Qualifying for Chapter 7
To qualify for Chapter 7 bankruptcy, a person must pass a means test, which can vary from state to state. In general, the means test involves recording all income earned six months prior to the month bankruptcy was filed. If the total amount is under the median income for a household of the same size in the state, he qualifies for Chapter 7. If a debtor's income is solely from Social Security benefits, he will most likely qualify for Chapter 7 bankruptcy. If he receives certain types of disability in addition to a salary, the disability payments are unlikely to be included as part of his income for the means test.
Chapter 7 Exemptions
A Chapter 7 bankruptcy is a liquidation of assets.

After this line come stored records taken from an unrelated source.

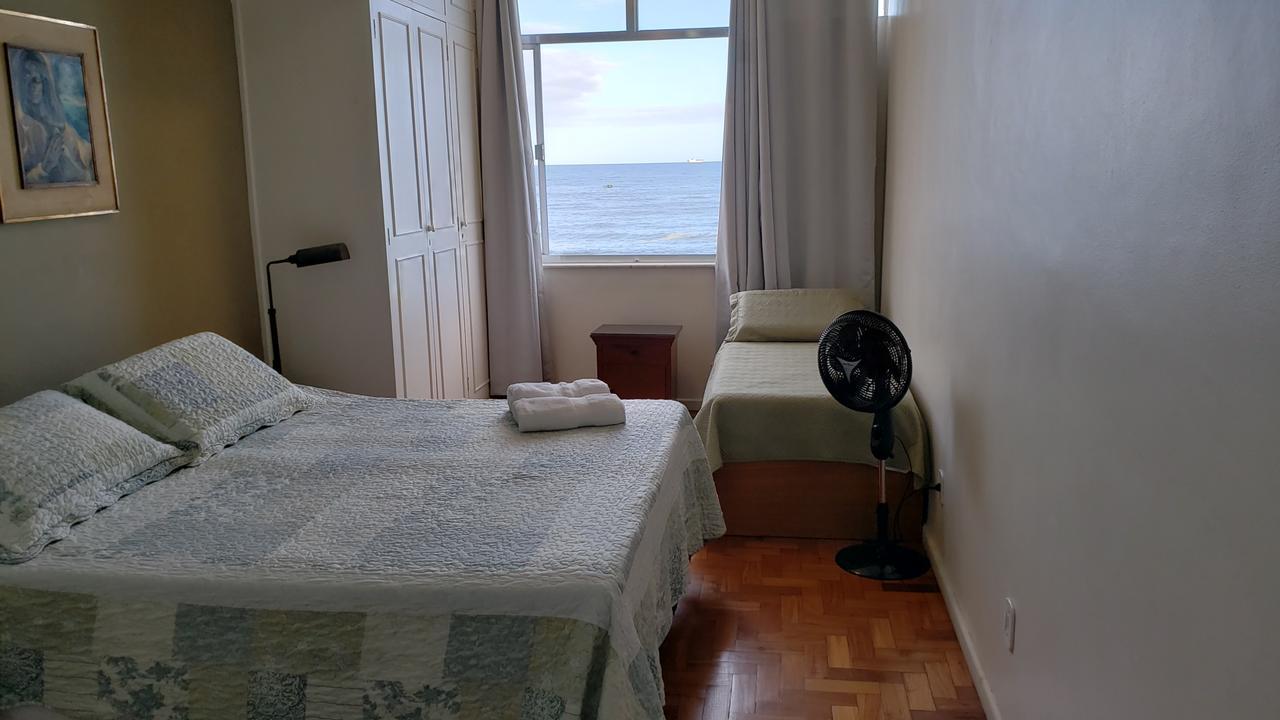 Apartamento Copacabana Frente Mar Apartamento *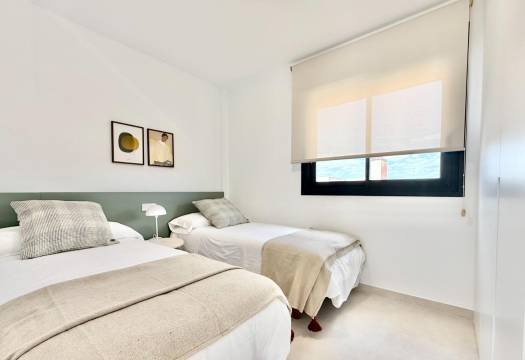 Obra Nueva - Villa / Chalet - Cox - San Fernando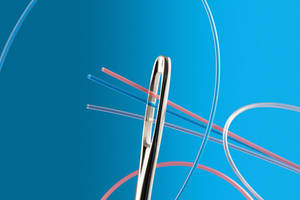 Microextrusion Medical Tubing can be coextruded in up to four layers.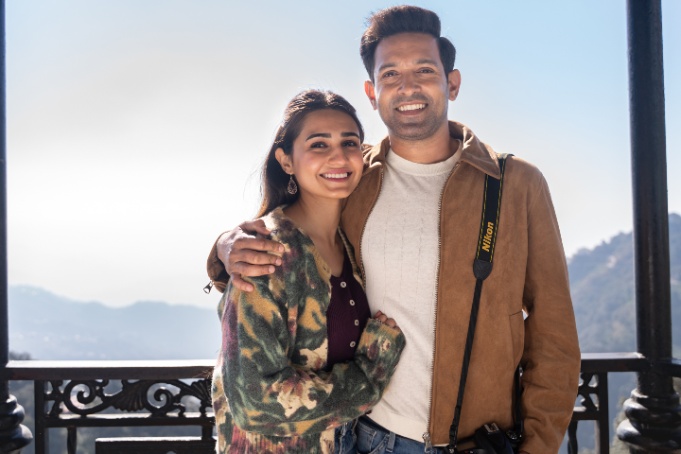 A still from Netflix 2026 slate - Musafir Cafe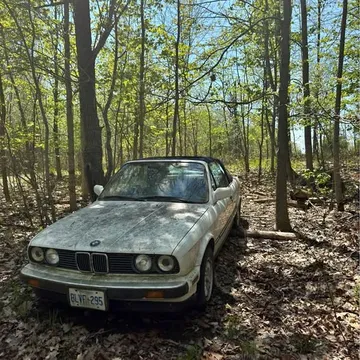 1989 BMW M3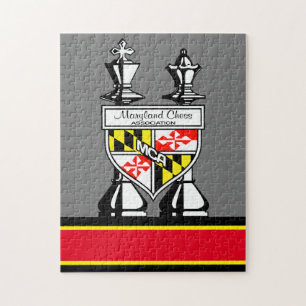 PUZZLE AJEDREZ DE MARYLAND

If the person filing bankruptcy owns property or other assets, he may have to surrender these items in order to help discharge his debt. However, every state allows for certain exemptions that protect a person's assets from being liquidated in bankruptcy. In many states, Social Security payments -- including disability benefits -- qualify for an exemption. However, exemptions vary from state to state.
Chapter 13 Repayment Plan
Chapter 13 bankruptcy is a court-approved repayment plan covering a three- to five-year period that allows a person to retain property. The repayment plan is based on what the bankruptcy filer owes and his income. Disability income is factored into the repayment plan, but only after accounting for monthly expenses. If someone who filed bankruptcy is only receiving disability, these payments may not be enough to pay off his debt. Thus, in those cases, Chapter 7 might be preferable. Because each person's situation is unique, it is important to seek the advice of an attorney when deciding between Chapter 7 and Chapter 13 bankruptcy.